En El nombre de la rosa Umberto Eco nos transporta a un momento de la Edad Media, al siglo XIII. La novela teje una trama policial en la que misteriosos y trágicos acontecimientos ocurren al interior de un frío monasterio del Norte de Italia. Uno de los siniestros personajes es un monje viejo y ciego llamado Jorge de Burgos, quien oculta celosamente un tratado de Aristóteles que versa sobre la comedia.

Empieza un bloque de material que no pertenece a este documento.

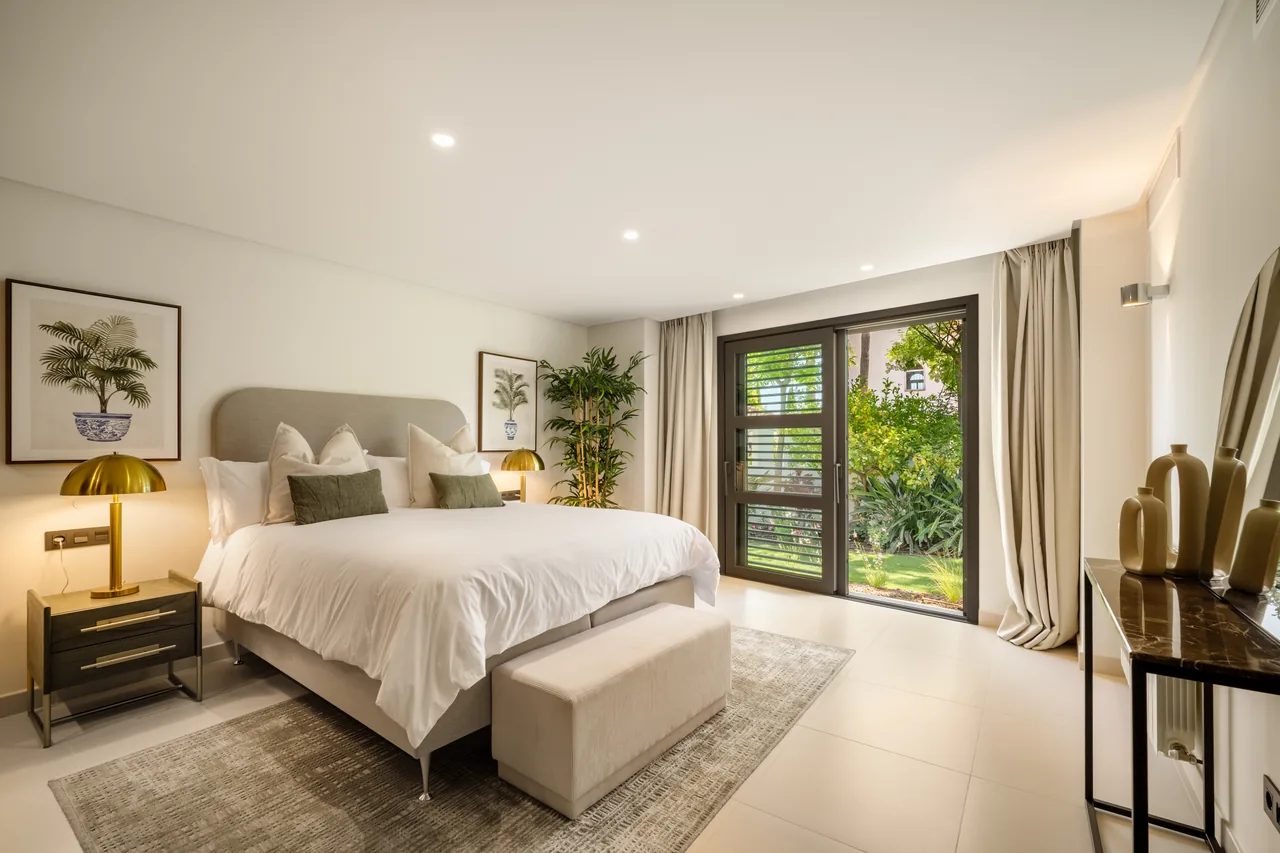 5-bedroom villa in La Cerquilla with private pool and private garden — image 32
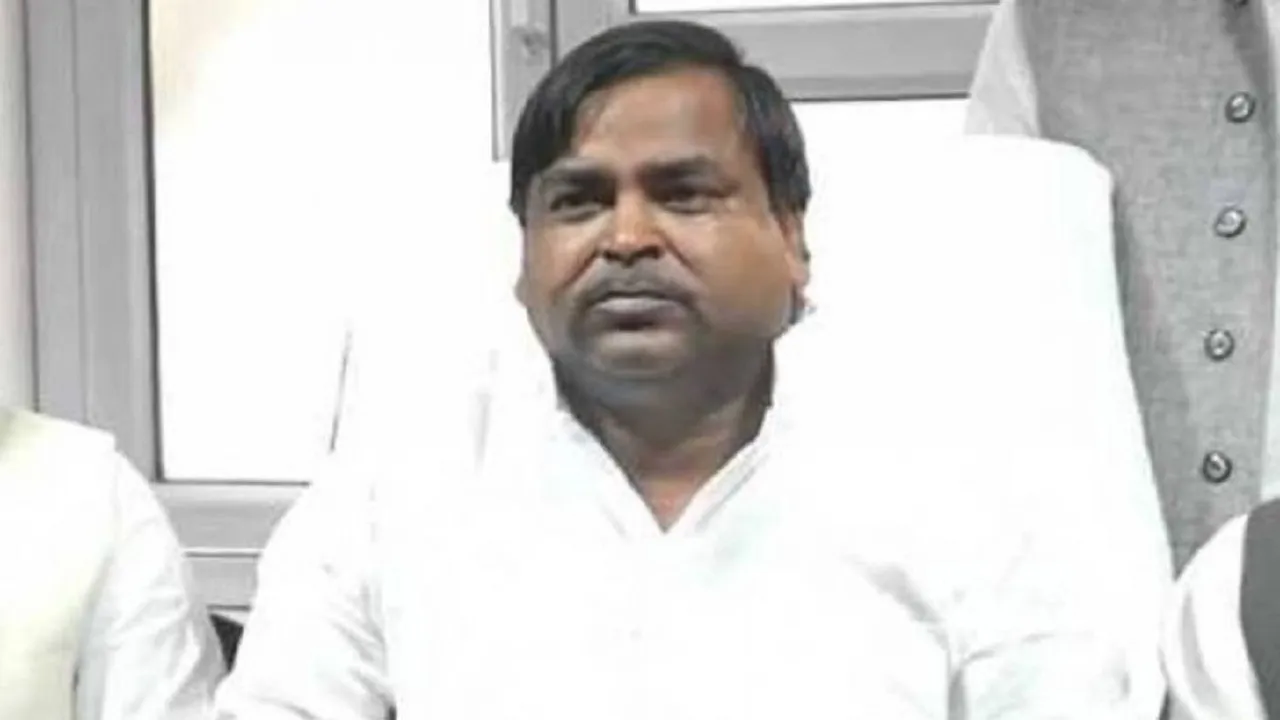 Gayatri Prajapati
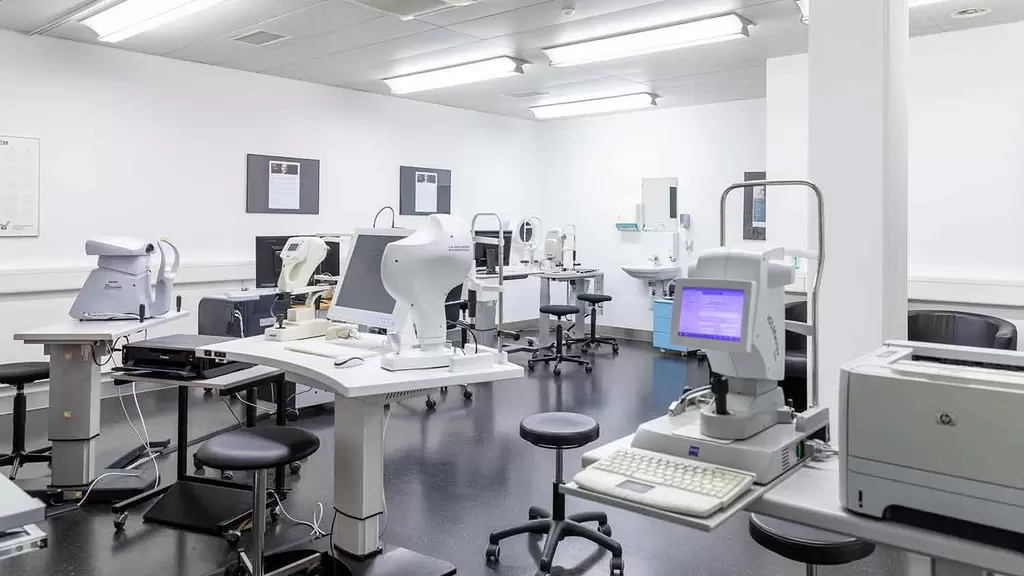 Der Geräteraum der Augenklinik Bern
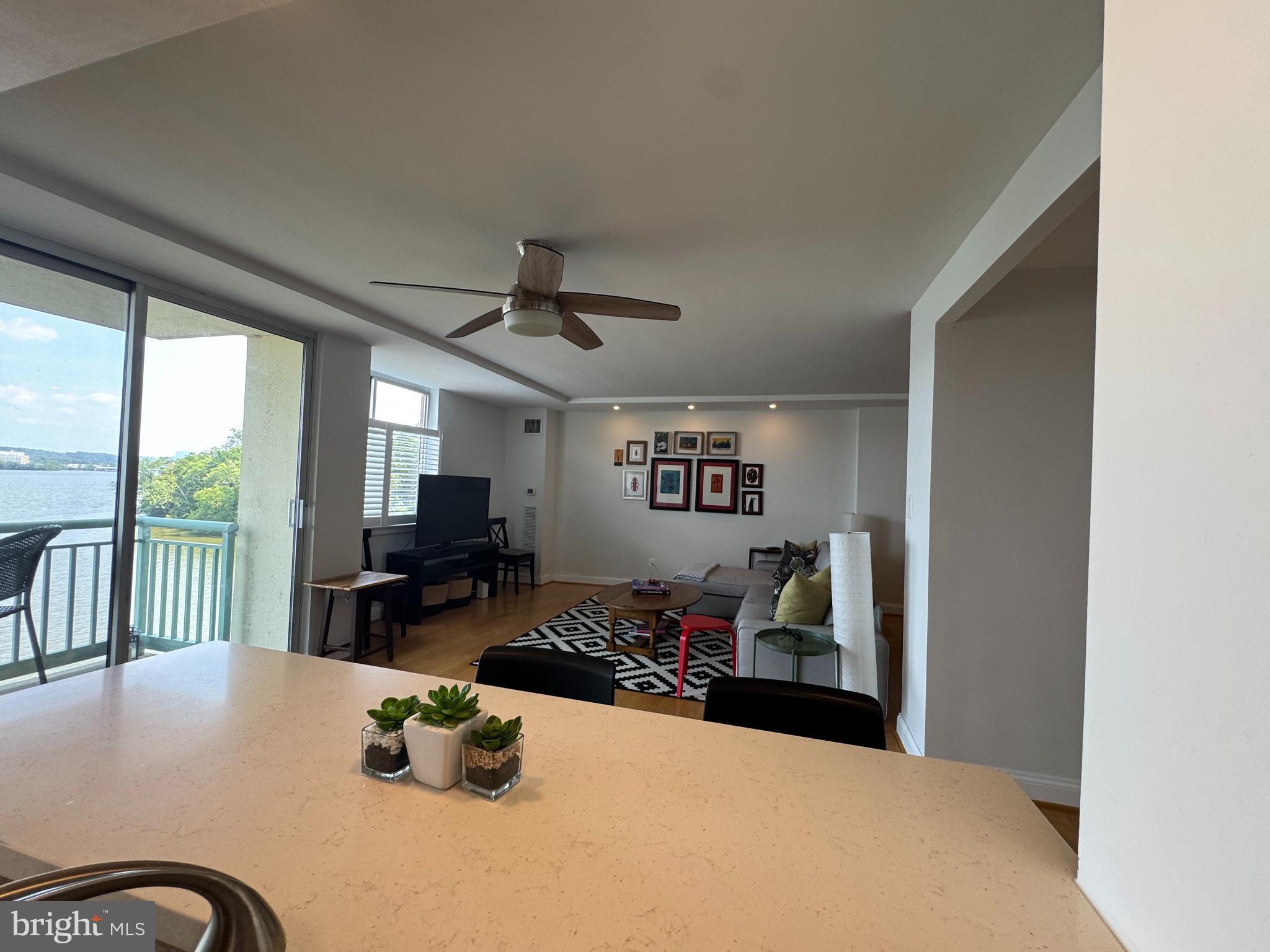 MARINA TOWERS - Residential Lease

Jorge es enemigo de la alegría y está convencido que el humor y la risa son cosas del diablo. “Pero, el diablo no es solo el príncipe de la materia, el diablo es la arrogancia en un espíritu, una fe sin sonrisa y la verdad jamás tocada por una duda», comenta Eco.
La novela de Eco recrea el espíritu represivo de la Edad Media, el ánimo compungido, la devoción lloriqueante y la mortificación del cuerpo; la idea de que el jolgorio y la alegría llevan a la antesala del infierno. El libro de Eco bien podría verse como una meditación sobre el miedo en todas sus formas: el miedo que se convierte en el “temor y temblor” del que habla San Pablo, el miedo a la razón, a la duda y a la herejía, el miedo al placer, al poder liberador de la risa. Este temor y este tremor son los mismos que, siglos más tarde, atormentarán el alma acongojada de Lutero; los mismos que a Blas Pascal le hicieron vacilar ante ese “Deus absconditus” del que habla Jeremías; ese mismo temor y temblor que angustió el alma luterana de Kierkegaard.